Thread: Idea for the statistics collector

Idea for the statistics collector

From
Martijn van Oosterhout
Date:
Since it's currently all for collecting statistics on tables, why can't it
collect another type of statistic, like:

- How often the estimator gets it wrong?

At the end of an index scan, the executor could compare the number of rows
returned against what was estimated, and if it falls outside a certain
range, flag it.

Also, the average ratio of rows coming out of a distinct node vs the number
going in.

For a join clause, the amount of correlation between two columns (hard).

etc

Ideally, the planner could then use this info to make better plans.
Eventually, the whole system could become somewhat self-tuning.

Does anyone see any problems with this?
--
Martijn van Oosterhout   <kleptog@svana.org>   http://svana.org/kleptog/
> There are 10 kinds of people in the world, those that can do binary
> arithmetic and those that can't.

Re: Idea for the statistics collector

From
Tom Lane
Date:
Martijn van Oosterhout <kleptog@svana.org> writes:
> Since it's currently all for collecting statistics on tables, why can't it
> collect another type of statistic, like:
> - How often the estimator gets it wrong?
> [snip]
> Does anyone see any problems with this?

(1) forced overhead on *every* query.
(2) contention to update the same rows of pg_statistic (or wherever you
    plan to store this info).
(3) okay, so the estimate was wrong; exactly which of the many
    parameters that went into the estimate do you plan to twiddle?
    What if it's not the parameter values that are at fault, but the
    cost-model equations themselves?

Closed-loop feedback is a great thing when you understand the dynamics
of the system you intend to apply feedback control to.  When you don't,
it's a great way to shoot yourself in the foot.  Unfortunately I don't
think the PG optimizer falls in the first category at present.

            regards, tom lane

Re: Idea for the statistics collector

From
Martijn van Oosterhout
Date:
On Fri, Jun 21, 2002 at 12:47:18AM -0400, Tom Lane wrote:
> Martijn van Oosterhout <kleptog@svana.org> writes:
> > Since it's currently all for collecting statistics on tables, why can't it
> > collect another type of statistic, like:
> > - How often the estimator gets it wrong?
> > [snip]
> > Does anyone see any problems with this?
>
> (1) forced overhead on *every* query.
If yo don't want it, don't use it. The current statistics have the same
issue and you can not do those as well.

> (2) contention to update the same rows of pg_statistic (or wherever you
>     plan to store this info).

True, can't avoid that. Depends on how many queries you. Maybe only enable
it for specific sessions?

> (3) okay, so the estimate was wrong; exactly which of the many
>     parameters that went into the estimate do you plan to twiddle?
>     What if it's not the parameter values that are at fault, but the
>     cost-model equations themselves?

Firstly, I was only thinking of going for the basic nodes (Index Scan, Seq
Scan, Distinct). Other types have far more variables. Secondly, even if you
only count, it's useful. For example, if it tells you that the planner is
off by a factor of 10 more than 75% of the time, that's useful information
independant of what the actual variables are.
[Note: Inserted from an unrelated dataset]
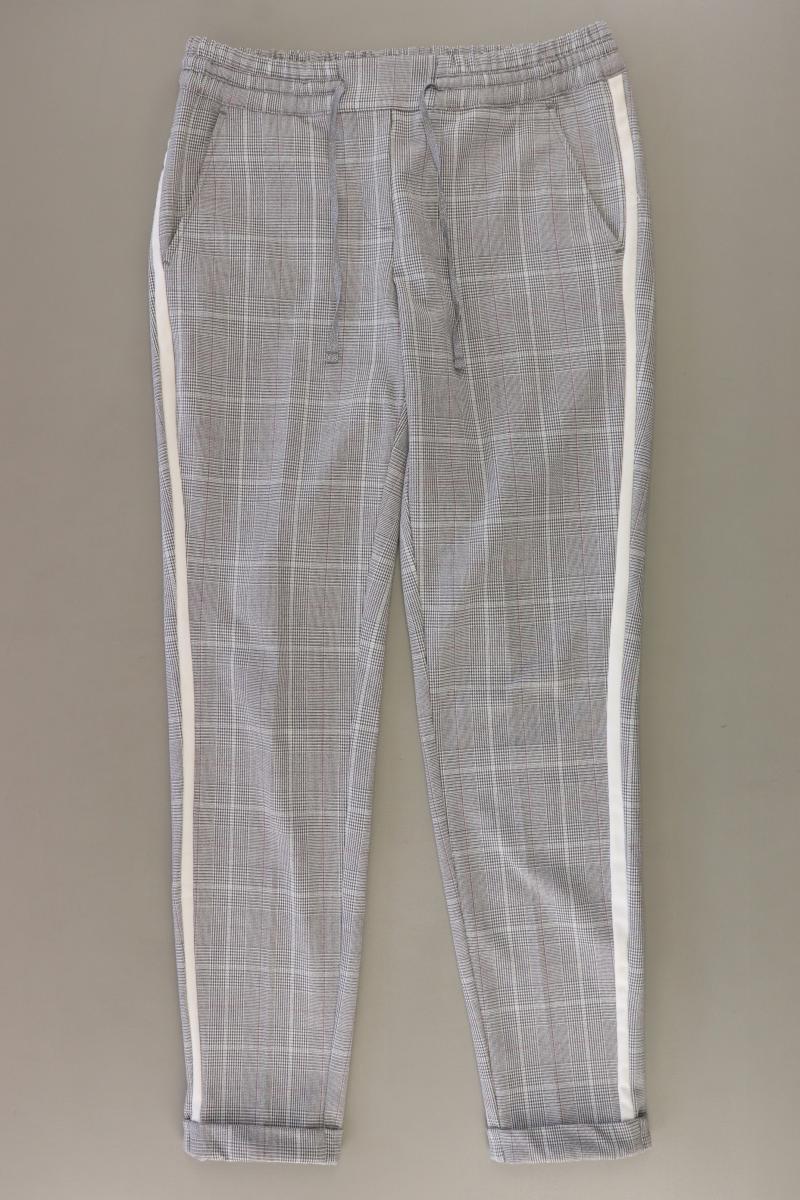 Cartoon Stoffhose Gr. 34 kariert grau aus Polyester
> Closed-loop feedback is a great thing when you understand the dynamics
> of the system you intend to apply feedback control to.  When you don't,
> it's a great way to shoot yourself in the foot.  Unfortunately I don't
> think the PG optimizer falls in the first category at present.

Using the results for planning is obviously a tricky area and should proceed
with caution. But just collecting statistics shouldn't be too bad?

See also -hackers.
--
Martijn van Oosterhout   <kleptog@svana.org>   http://svana.org/kleptog/
> There are 10 kinds of people in the world, those that can do binary
> arithmetic and those that can't.

Re: Idea for the statistics collector

From
Bruce Momjian
Date:
Martijn van Oosterhout wrote:
> Firstly, I was only thinking of going for the basic nodes (Index Scan, Seq
> Scan, Distinct). Other types have far more variables. Secondly, even if you
> only count, it's useful. For example, if it tells you that the planner is
> off by a factor of 10 more than 75% of the time, that's useful information
> independant of what the actual variables are.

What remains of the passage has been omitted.